## What the exercise asks
Write out exactly the first lines of the listing, ending on the line that contains "Borrowd - I".

## Listed entries
+++++
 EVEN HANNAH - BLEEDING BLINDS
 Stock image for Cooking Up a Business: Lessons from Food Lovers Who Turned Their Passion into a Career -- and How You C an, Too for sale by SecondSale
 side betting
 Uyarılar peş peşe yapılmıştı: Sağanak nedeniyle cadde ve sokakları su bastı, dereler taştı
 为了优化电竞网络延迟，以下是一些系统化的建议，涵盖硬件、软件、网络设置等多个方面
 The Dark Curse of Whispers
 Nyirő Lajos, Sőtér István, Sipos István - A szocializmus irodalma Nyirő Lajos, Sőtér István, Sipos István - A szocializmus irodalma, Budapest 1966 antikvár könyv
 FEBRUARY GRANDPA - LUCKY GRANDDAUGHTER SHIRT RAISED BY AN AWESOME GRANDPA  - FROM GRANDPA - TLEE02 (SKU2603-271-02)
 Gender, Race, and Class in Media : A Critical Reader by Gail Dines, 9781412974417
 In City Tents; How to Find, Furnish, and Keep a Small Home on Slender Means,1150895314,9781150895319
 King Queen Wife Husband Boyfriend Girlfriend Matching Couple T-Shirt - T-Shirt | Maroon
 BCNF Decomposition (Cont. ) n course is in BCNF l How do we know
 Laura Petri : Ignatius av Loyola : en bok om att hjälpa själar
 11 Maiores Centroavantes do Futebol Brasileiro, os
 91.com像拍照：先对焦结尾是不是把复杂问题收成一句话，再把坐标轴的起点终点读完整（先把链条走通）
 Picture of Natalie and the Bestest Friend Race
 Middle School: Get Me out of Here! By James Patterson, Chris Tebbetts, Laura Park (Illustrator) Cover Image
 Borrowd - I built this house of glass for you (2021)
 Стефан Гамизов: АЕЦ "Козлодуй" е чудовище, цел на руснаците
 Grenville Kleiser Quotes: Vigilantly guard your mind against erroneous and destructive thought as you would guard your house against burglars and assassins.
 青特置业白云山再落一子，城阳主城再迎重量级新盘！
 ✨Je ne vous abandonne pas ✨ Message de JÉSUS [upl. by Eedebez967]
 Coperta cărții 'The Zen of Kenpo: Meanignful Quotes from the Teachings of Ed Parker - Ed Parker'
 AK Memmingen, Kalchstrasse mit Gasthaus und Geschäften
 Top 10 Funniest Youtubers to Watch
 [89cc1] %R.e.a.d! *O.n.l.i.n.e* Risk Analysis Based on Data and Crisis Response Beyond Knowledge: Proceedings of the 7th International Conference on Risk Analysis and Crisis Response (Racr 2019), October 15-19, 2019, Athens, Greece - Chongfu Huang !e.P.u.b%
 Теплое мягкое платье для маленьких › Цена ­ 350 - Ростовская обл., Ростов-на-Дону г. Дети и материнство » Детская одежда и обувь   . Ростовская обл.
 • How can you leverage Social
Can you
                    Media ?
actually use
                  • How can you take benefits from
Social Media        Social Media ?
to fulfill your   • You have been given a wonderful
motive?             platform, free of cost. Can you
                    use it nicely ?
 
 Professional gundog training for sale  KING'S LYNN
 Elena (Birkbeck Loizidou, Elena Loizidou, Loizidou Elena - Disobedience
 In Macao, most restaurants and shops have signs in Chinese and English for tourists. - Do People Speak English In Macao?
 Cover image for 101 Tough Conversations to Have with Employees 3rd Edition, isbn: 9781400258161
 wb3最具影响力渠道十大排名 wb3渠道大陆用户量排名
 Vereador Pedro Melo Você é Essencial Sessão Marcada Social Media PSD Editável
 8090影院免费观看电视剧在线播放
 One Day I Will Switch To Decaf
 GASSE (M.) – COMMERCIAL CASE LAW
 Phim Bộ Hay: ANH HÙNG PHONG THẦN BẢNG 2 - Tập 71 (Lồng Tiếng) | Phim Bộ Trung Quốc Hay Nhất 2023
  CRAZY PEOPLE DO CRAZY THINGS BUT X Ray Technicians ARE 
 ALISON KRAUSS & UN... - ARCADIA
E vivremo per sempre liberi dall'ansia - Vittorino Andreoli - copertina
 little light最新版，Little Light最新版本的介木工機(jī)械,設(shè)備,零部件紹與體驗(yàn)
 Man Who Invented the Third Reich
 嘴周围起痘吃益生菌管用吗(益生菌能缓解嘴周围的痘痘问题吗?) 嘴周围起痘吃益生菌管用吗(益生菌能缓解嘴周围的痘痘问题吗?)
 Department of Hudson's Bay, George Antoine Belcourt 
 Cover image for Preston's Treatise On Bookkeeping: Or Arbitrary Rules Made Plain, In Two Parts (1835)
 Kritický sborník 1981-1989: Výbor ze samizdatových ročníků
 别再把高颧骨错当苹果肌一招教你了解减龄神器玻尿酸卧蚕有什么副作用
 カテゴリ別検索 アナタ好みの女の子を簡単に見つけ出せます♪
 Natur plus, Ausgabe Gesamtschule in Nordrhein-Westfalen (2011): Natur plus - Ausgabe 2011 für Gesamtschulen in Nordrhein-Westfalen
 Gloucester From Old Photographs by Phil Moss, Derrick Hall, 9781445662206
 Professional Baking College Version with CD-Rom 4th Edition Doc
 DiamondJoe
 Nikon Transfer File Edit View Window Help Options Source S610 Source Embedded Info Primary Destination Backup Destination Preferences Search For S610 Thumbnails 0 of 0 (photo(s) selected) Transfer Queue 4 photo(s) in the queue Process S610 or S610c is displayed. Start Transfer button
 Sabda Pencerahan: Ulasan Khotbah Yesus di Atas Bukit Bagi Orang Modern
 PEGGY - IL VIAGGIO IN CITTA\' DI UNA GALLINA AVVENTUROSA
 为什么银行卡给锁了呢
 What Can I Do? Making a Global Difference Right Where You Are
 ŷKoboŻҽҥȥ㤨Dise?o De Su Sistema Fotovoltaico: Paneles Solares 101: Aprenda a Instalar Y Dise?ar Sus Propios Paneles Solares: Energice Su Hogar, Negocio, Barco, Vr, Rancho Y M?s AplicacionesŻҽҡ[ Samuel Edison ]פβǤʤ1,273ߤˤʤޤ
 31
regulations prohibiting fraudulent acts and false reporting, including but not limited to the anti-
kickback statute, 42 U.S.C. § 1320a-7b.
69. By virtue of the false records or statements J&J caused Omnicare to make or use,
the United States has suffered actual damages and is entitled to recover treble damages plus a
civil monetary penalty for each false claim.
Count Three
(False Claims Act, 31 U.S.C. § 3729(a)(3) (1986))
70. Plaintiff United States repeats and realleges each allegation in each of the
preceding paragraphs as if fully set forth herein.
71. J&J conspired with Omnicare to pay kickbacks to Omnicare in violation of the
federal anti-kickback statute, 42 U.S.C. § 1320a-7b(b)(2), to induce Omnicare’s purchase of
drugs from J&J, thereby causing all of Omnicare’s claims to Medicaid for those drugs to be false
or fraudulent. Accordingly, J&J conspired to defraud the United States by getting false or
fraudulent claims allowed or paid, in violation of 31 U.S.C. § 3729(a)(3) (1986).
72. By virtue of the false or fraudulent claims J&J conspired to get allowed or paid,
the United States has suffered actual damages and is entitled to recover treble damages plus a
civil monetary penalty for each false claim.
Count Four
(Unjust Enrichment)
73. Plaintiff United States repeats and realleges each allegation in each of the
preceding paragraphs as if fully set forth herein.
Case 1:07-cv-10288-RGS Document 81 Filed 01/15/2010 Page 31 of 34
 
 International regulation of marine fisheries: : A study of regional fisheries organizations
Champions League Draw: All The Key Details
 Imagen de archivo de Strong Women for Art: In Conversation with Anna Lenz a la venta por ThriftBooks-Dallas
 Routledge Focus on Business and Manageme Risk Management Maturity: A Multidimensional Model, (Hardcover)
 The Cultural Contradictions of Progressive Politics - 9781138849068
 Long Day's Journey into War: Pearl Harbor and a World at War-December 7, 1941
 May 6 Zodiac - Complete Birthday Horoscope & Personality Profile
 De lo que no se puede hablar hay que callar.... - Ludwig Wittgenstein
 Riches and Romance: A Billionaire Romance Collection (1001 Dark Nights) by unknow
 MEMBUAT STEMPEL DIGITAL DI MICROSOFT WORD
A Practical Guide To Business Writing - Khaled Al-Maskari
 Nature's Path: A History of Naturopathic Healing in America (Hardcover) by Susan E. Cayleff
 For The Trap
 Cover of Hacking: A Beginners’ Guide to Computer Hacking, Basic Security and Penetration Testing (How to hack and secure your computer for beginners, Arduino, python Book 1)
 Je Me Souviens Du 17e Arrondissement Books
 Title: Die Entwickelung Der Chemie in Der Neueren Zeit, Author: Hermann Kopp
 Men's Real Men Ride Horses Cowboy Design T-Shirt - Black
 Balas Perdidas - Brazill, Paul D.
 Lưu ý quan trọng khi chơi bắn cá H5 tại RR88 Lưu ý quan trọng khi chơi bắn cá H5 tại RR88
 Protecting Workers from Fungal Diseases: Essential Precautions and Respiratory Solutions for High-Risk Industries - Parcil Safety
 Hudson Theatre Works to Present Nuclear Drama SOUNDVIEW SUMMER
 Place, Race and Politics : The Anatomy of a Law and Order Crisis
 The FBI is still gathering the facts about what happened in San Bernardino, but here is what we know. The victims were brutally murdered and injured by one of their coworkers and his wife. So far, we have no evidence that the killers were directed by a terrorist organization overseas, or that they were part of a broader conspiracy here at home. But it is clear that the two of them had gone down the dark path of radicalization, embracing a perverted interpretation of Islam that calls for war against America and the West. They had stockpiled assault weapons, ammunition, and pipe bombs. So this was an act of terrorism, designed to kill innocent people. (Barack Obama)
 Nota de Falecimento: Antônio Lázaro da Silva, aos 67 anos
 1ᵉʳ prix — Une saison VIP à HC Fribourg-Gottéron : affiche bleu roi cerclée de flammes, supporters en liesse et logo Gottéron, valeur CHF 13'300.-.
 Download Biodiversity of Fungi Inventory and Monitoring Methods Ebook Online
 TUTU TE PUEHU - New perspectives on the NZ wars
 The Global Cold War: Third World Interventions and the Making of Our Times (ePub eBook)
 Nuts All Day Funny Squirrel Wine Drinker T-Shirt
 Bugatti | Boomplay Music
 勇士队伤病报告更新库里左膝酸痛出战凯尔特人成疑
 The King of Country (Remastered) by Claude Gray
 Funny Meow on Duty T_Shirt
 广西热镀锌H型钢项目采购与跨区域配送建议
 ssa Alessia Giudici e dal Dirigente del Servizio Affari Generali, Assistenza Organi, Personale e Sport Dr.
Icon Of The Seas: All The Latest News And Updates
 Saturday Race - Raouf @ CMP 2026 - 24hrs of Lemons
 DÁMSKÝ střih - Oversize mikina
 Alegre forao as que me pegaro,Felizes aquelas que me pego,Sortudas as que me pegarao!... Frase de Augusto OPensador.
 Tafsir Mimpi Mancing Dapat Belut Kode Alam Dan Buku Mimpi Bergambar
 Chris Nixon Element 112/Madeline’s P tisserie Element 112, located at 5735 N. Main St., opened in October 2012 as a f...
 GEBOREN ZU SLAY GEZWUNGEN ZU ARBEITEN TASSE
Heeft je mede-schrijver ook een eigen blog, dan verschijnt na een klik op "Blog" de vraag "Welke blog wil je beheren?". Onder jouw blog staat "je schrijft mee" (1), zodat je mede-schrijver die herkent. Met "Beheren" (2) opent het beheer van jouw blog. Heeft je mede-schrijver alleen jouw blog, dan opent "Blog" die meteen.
+++++
## Response to the task
 EVEN HANNAH - BLEEDING BLINDS
 Stock image for Cooking Up a Business: Lessons from Food Lovers Who Turned Their Passion into a Career -- and How You C an, Too for sale by SecondSale
 side betting
 Uyarılar peş peşe yapılmıştı: Sağanak nedeniyle cadde ve sokakları su bastı, dereler taştı
 为了优化电竞网络延迟，以下是一些系统化的建议，涵盖硬件、软件、网络设置等多个方面
 The Dark Curse of Whispers
 Nyirő Lajos, Sőtér István, Sipos István - A szocializmus irodalma Nyirő Lajos, Sőtér István, Sipos István - A szocializmus irodalma, Budapest 1966 antikvár könyv
 FEBRUARY GRANDPA - LUCKY GRANDDAUGHTER SHIRT RAISED BY AN AWESOME GRANDPA  - FROM GRANDPA - TLEE02 (SKU2603-271-02)
 Gender, Race, and Class in Media : A Critical Reader by Gail Dines, 9781412974417
 In City Tents; How to Find, Furnish, and Keep a Small Home on Slender Means,1150895314,9781150895319
 King Queen Wife Husband Boyfriend Girlfriend Matching Couple T-Shirt - T-Shirt | Maroon
 BCNF Decomposition (Cont. ) n course is in BCNF l How do we know
 Laura Petri : Ignatius av Loyola : en bok om att hjälpa själar
 11 Maiores Centroavantes do Futebol Brasileiro, os
 91.com像拍照：先对焦结尾是不是把复杂问题收成一句话，再把坐标轴的起点终点读完整（先把链条走通）
 Picture of Natalie and the Bestest Friend Race
 Middle School: Get Me out of Here! By James Patterson, Chris Tebbetts, Laura Park (Illustrator) Cover Image
 Borrowd - I built this house of glass for you (2021)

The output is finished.